Mengutip kurva epidemi negara-negara lain, Lopalco menyarankan bahwa perbedaan mereka dengan Italia hanyalah waktu: mereka hanya pada tahap awal.

"Setelah Cina, Italia adalah negara pertama di mana epidemi meletus; oleh karena itu, kita berurusan dengan efek dari epidemi stadium lanjut."

Sementara banyak negara secara bertahap mengadopsi langkah-langkah yang lebih ketat untuk menerapkan jarak sosial, mereka sejauh ini menolak mengambil langkah drastis yang sama seperti Italia karena kekhawatiran signifikan tentang efek ekonomi dari langkah tersebut.

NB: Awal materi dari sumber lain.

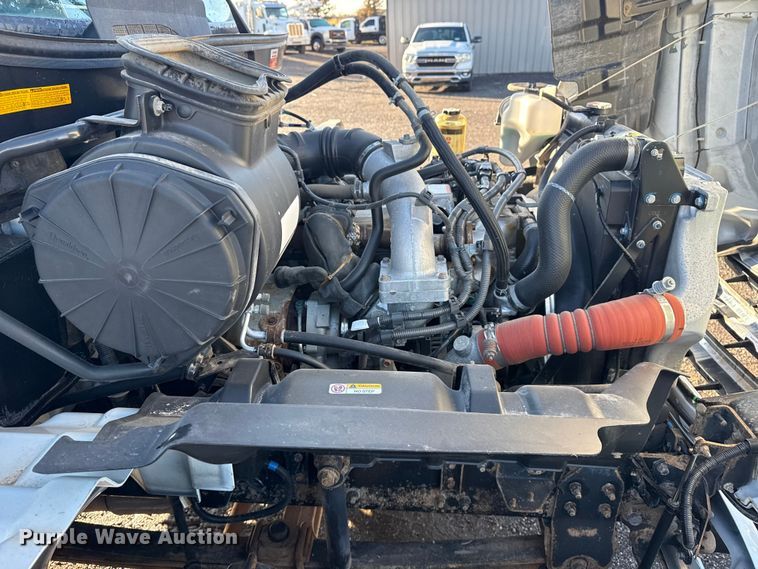 image for item EG1790 2018 Hino 338 tank truck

Para dokter Italia di pusat pertempuran negara itu dengan pandemi telah memperingatkan bahwa keengganan untuk bertindak cepat dan tegas dapat memiliki konsekuensi penting.

"Jika saya adalah kepala kementerian kesehatan negara mana pun saya akan takut, dan saya akan bergerak sangat cepat untuk mengambil langkah-langkah tegas untuk menahannya," kata Galli, menekankan bahwa "dalam situasi ini, kita semua selamanya tidak siap: tidak mungkin mustahil: tidak mungkin sepenuhnya siap untuk menangani acara semacam itu ".

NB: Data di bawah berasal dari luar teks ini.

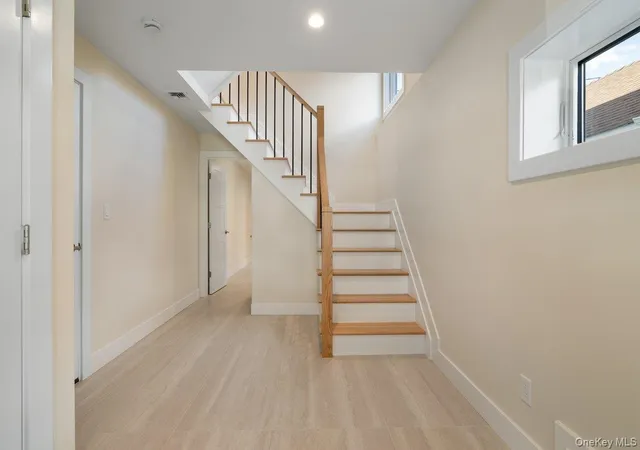 Photo 3 of Sale Pending at 101 Wisconsin St, Long Beach, NY 11561 | MLS# 1040346 | Listing updated on 2026-09-29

Saat Italia menahan napas untuk melihat epidemi meratakan lekuknya, sistem perawatan kesehatan yang tegang dengan cepat mendekati saturasi total.

Di Lombardy, beberapa dokter di lini depan coronavirus bekerja tanpa peralatan pelindung yang memadai, menurut laporan, yang membuat mereka berisiko tinggi. Sudah, 14 dari mereka kehilangan nyawa dan total 3.700 perawat dan dokter telah terinfeksi saat bertugas, menurut ISS.

Sementara itu, pihak berwenang di wilayah paling parah di Italia berlari melawan waktu untuk mengisolasi orang dan menemukan tempat tidur untuk pasien. Di pusat Milan, hotel Michelangelo bintang empat sedang diubah menjadi fasilitas karantina untuk sekitar 300 orang, sementara paviliun pameran diubah menjadi bangsal perawatan intensitas untuk jumlah pasien yang sama. Keduanya dijadwalkan akan beroperasi pada akhir minggu ini.

Menurut Galli, itu akan menjadi minggu sebelum perlambatan yang konsisten dicatat di Italia utara karena wilayah itu masih menghadapi infeksi yang dikontrak sebelum pelaksanaan langkah-langkah isolasi menyapu.

"Kita seperti orang yang tenggelam ke laut dengan ujung hidungnya masih bisa mencapai permukaan. Dia masih bernafas, tetapi juga berharap gelombang baru tidak datang."

Namun, pemutakhiran terbaru oleh badan perlindungan sipil negara itu menjadi dasar bagi optimisme yang berhati-hati.

Jumlah infeksi baru pada hari Minggu mencapai 3.957, dibandingkan dengan 4.821 sehari sebelumnya, sementara kematian turun menjadi 651 dari rekor 793 pada hari Sabtu - saat yang jarang. Dan pada hari Senin, sedikit peningkatan berlanjut, dengan kematian baru turun menjadi 602 bahkan ketika infeksi meningkat menjadi 4.160.